Cependant, le développement de son emploi à l’IGN fut retardé par la conception traditionaliste de la carte de France défendue par Hurault, puisqu’une modification radicale des procédés de rédaction aurait nécessairement des conséquences sur les spécifications et donc l’homogénéité de la carte encore inachevée1614. Dans la deuxième moitié des années cinquante, le changement de direction et les restrictions budgétaires créèrent une situation plus favorable à l’industrialisation des procédés de rédaction. A partir de la mise en place de l’atelier pilote en 1959, essentiellement destiné à évaluer et adapter les procédés de traçage et arrachage sur couches mis au point à l’étranger, la généralisation de ces nouvelles techniques fut rapide. En deux mois, l’atelier avait mené des études se prononçant pour l’utilisation de la couche en stabilène étendue sur un support en mylar, de fabrication américaine, et des outils suisses, qui furent modifiés par l’atelier de précision de la 5ème direction1615. Des essais menés en juillet 1959 sur quelques coupures du 1 : 20 000 montrèrent un certain gain de temps, une excellente qualité du trait et une simplification notable des opérations de copie.

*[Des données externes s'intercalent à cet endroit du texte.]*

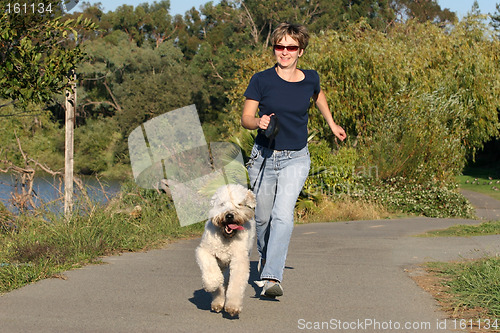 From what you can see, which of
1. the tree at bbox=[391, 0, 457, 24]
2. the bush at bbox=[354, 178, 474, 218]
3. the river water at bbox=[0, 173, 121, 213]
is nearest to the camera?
the river water at bbox=[0, 173, 121, 213]

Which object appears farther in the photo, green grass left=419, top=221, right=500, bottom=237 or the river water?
green grass left=419, top=221, right=500, bottom=237

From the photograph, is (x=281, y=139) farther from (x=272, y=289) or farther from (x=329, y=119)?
(x=272, y=289)

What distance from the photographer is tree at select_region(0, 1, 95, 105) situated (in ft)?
31.1

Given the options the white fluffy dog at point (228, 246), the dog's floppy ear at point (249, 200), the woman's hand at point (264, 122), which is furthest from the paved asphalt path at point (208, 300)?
the woman's hand at point (264, 122)

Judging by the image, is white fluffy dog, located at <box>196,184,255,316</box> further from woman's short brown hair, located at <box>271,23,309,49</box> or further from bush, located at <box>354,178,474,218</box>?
bush, located at <box>354,178,474,218</box>

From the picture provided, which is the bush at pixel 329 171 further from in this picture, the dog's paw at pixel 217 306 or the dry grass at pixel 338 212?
the dog's paw at pixel 217 306

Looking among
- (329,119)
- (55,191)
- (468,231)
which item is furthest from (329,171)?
(329,119)

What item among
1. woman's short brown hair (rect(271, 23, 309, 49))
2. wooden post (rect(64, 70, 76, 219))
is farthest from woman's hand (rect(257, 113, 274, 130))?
wooden post (rect(64, 70, 76, 219))

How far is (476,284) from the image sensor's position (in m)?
6.35

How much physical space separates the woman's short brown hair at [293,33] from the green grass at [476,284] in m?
2.71

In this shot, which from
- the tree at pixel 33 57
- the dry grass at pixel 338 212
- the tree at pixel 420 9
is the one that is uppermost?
the tree at pixel 420 9

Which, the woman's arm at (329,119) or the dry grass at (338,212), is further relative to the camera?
the dry grass at (338,212)

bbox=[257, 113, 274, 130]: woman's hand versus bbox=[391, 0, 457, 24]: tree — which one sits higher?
bbox=[391, 0, 457, 24]: tree

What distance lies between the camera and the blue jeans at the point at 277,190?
6.00 m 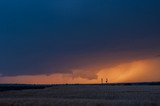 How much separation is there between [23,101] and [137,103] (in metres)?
13.4

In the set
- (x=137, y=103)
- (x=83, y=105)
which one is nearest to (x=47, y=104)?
(x=83, y=105)

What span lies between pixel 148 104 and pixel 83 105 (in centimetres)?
683

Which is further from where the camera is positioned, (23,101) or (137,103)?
(23,101)

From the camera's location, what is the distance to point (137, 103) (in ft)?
135

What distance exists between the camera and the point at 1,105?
145 feet

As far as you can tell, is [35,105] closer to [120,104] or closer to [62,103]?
[62,103]

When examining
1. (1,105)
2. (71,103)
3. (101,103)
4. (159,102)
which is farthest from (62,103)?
(159,102)

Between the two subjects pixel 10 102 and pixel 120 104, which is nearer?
pixel 120 104

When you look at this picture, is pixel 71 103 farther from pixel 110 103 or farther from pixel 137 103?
pixel 137 103

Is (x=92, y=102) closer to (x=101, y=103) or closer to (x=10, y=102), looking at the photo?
(x=101, y=103)

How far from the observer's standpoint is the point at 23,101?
45500 millimetres

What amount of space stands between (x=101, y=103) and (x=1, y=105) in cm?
1155

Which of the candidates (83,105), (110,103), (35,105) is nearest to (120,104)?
(110,103)

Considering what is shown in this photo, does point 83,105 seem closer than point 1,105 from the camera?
Yes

En 1960, le tracé sur couche fut définitivement adopté pour les cartes au 1 : 20 000 et au 1 : 25 000, puis généralisé à la révision du 1 : 20 000 et à la rédaction du 1 : 50 0001616. Le procédé des couches d’arrachage fut aussi rapidement généralisé, malgré l’irrégularité inexpliquée des résultats obtenus par l’atelier pilote. Selon les rapports officiels, le « gain de temps et de précision [était] si important que le Chef de la 4e direction [avait] pris la décision peut-être aventureuse d’utiliser exclusivement ce procédé en 1960 pour l’établissement des masques du programme du 50.000e et des feuilles côtières de l’Atlantique »1617, illustrant encore une fois l’impérieuse pression industrielle qui se développait à l’IGN.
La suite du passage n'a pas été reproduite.